Assigned task: Find the line containing "Rode hakken-demonstratie vraagt" in the listing below. Repeat it exactly, along with each following line up to and including the one containing "Apartment with Garden".

The input:
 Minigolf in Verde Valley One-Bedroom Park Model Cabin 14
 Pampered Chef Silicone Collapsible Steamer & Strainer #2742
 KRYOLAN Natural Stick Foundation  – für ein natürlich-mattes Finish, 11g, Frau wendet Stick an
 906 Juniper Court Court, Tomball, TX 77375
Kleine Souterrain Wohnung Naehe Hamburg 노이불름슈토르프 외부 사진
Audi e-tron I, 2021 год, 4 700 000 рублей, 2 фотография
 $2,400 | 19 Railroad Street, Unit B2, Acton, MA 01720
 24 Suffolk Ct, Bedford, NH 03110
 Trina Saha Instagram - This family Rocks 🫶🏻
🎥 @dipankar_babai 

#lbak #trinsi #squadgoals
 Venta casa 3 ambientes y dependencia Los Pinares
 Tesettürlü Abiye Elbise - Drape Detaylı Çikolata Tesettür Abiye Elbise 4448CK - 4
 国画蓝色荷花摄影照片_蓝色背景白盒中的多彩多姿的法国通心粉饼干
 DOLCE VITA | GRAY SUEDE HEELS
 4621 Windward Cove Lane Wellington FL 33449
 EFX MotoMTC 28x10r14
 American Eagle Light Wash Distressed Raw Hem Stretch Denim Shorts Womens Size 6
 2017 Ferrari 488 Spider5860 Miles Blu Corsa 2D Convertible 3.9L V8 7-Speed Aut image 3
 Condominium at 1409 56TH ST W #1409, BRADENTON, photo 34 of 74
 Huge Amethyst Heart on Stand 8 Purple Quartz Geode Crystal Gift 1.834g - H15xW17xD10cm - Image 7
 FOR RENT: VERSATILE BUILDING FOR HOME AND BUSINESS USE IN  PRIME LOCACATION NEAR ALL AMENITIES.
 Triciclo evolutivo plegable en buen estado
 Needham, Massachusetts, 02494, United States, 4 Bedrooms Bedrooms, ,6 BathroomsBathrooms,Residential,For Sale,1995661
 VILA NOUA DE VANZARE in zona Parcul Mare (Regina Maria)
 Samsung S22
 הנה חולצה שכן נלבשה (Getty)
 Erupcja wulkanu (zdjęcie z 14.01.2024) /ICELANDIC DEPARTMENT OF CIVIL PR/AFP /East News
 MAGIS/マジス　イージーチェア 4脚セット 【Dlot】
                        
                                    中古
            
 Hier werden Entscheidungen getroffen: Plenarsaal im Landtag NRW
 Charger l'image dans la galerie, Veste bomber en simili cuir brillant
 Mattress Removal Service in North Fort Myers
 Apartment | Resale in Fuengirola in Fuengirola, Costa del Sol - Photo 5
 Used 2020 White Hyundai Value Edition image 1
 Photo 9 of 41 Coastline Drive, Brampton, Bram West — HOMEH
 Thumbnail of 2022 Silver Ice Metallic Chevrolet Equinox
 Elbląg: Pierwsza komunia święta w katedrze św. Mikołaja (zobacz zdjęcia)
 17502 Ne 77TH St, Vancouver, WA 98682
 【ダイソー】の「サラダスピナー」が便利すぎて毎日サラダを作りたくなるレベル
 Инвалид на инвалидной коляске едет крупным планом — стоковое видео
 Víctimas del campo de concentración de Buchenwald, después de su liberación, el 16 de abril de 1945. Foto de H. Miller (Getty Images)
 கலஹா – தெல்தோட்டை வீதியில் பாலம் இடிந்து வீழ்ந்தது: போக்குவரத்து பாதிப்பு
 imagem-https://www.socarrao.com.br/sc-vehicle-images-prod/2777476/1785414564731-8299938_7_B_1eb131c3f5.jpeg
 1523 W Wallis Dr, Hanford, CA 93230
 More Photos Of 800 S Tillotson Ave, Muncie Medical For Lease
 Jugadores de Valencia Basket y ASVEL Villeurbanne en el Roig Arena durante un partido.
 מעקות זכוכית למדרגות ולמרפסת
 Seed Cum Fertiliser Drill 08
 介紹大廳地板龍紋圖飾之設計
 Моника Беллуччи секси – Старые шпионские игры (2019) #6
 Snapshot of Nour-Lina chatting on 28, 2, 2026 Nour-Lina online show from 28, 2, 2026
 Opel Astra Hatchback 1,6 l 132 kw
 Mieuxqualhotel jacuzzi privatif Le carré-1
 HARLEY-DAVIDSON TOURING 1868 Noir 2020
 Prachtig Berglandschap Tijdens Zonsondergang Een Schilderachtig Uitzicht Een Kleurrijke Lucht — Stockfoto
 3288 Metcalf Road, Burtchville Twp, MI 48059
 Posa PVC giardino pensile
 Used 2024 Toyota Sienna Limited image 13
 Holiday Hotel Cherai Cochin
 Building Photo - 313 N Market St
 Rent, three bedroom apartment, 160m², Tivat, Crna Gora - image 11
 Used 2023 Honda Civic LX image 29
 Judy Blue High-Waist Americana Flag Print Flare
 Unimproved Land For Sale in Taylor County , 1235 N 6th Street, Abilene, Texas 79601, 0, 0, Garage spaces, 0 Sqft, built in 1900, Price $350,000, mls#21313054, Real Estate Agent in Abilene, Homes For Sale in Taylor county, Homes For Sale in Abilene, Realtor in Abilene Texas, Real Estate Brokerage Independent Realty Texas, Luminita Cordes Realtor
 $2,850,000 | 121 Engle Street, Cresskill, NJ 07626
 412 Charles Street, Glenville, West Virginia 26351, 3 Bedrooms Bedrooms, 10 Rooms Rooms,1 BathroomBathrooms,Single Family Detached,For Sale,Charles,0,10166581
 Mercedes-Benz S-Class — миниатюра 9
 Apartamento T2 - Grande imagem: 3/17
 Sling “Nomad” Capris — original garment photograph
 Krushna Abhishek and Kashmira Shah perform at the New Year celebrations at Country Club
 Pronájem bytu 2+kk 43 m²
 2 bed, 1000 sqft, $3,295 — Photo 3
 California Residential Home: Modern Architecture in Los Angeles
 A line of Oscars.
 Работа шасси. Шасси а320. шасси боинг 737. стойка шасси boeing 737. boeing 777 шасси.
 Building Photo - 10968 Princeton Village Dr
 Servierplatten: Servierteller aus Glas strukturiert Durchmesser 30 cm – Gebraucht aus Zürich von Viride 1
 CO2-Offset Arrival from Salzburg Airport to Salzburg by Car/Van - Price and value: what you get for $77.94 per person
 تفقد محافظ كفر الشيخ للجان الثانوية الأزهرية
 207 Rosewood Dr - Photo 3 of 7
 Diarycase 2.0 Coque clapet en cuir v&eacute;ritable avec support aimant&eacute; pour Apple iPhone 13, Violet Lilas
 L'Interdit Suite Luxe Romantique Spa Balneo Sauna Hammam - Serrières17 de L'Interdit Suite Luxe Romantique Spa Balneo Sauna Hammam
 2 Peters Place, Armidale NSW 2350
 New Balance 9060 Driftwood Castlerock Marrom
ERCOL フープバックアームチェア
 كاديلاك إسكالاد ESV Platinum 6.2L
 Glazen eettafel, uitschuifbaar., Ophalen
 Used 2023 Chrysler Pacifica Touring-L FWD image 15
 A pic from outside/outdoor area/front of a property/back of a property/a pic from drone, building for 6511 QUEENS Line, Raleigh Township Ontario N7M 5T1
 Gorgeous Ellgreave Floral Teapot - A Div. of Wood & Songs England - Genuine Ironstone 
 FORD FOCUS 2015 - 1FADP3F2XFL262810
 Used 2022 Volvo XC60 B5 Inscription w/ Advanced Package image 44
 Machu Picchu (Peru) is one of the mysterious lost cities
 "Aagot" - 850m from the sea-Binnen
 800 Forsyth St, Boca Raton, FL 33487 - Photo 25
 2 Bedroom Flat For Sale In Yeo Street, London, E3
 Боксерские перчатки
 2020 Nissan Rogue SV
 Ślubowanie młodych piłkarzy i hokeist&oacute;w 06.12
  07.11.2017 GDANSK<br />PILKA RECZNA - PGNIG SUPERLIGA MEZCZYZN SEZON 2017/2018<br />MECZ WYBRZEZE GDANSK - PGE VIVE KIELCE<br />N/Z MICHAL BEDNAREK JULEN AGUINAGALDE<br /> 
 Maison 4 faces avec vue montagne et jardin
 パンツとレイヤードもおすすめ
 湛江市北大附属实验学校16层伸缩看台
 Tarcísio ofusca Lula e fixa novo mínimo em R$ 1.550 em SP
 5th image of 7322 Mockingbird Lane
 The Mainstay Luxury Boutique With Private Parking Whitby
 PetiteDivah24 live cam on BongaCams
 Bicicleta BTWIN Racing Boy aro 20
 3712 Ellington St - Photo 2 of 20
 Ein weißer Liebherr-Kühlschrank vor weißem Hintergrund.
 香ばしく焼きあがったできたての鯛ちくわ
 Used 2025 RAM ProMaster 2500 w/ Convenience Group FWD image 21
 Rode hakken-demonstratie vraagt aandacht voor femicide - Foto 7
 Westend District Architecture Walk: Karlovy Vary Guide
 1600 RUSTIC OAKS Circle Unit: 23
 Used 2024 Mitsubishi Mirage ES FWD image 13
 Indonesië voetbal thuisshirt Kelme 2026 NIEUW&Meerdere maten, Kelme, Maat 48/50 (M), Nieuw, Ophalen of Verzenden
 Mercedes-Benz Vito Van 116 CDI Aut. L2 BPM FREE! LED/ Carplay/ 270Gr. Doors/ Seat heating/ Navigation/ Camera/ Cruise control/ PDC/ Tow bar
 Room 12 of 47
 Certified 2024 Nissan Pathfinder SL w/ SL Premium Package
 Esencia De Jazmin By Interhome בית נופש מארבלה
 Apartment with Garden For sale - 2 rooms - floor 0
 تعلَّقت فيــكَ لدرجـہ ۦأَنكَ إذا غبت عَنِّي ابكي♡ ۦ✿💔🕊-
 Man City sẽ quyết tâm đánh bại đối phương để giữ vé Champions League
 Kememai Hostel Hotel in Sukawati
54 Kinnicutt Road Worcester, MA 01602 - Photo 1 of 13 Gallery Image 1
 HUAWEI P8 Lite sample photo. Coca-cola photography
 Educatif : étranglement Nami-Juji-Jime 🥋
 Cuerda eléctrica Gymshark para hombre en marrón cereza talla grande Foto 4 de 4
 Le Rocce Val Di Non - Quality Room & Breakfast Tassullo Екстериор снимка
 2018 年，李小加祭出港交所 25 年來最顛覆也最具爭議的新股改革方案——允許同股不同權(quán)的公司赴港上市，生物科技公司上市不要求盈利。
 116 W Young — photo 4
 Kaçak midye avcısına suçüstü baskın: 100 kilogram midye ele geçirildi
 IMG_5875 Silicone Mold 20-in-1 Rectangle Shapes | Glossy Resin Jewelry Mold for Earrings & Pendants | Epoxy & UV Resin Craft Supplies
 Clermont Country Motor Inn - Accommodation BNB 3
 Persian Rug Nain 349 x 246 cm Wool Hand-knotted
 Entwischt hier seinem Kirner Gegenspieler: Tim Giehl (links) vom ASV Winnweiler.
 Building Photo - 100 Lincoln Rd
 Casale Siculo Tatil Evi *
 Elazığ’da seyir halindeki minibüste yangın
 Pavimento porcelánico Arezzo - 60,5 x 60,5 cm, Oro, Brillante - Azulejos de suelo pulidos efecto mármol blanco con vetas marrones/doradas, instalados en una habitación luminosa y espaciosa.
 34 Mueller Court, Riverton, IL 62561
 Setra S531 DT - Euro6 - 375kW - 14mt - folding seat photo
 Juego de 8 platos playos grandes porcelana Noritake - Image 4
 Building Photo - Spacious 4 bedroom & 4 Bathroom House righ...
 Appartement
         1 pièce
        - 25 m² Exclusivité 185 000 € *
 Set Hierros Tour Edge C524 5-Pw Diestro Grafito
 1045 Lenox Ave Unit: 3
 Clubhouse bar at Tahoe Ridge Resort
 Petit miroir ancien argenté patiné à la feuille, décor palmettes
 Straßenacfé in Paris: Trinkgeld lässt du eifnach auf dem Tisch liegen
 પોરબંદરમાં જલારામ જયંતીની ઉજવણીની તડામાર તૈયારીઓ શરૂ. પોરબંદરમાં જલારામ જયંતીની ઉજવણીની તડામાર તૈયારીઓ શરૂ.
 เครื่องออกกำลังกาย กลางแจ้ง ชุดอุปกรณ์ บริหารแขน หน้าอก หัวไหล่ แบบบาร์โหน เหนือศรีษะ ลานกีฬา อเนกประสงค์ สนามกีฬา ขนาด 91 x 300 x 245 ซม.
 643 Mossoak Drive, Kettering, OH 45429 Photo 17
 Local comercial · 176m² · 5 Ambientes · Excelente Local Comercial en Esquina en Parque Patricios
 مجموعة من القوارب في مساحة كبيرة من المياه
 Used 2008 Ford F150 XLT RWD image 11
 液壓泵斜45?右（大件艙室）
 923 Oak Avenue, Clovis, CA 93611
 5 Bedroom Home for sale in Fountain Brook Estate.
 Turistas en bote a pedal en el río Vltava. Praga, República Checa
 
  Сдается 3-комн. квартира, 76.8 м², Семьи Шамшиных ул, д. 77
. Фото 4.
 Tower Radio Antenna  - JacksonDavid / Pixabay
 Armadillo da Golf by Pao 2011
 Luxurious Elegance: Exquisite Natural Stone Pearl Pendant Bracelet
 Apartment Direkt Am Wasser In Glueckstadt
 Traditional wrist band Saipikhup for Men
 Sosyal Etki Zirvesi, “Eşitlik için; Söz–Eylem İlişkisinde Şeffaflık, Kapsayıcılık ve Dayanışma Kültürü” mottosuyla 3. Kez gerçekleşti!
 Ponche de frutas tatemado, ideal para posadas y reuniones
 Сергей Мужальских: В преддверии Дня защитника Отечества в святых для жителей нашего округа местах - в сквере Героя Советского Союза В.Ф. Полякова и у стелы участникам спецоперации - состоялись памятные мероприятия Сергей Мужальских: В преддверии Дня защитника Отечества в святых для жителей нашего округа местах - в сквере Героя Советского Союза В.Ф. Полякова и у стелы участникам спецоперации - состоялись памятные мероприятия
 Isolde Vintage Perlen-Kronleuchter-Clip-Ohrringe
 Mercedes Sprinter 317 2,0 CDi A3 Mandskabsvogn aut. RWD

Answer to the problem:
 Rode hakken-demonstratie vraagt aandacht voor femicide - Foto 7
 Westend District Architecture Walk: Karlovy Vary Guide
 1600 RUSTIC OAKS Circle Unit: 23
 Used 2024 Mitsubishi Mirage ES FWD image 13
 Indonesië voetbal thuisshirt Kelme 2026 NIEUW&Meerdere maten, Kelme, Maat 48/50 (M), Nieuw, Ophalen of Verzenden
 Mercedes-Benz Vito Van 116 CDI Aut. L2 BPM FREE! LED/ Carplay/ 270Gr. Doors/ Seat heating/ Navigation/ Camera/ Cruise control/ PDC/ Tow bar
 Room 12 of 47
 Certified 2024 Nissan Pathfinder SL w/ SL Premium Package
 Esencia De Jazmin By Interhome בית נופש מארבלה
 Apartment with Garden For sale - 2 rooms - floor 0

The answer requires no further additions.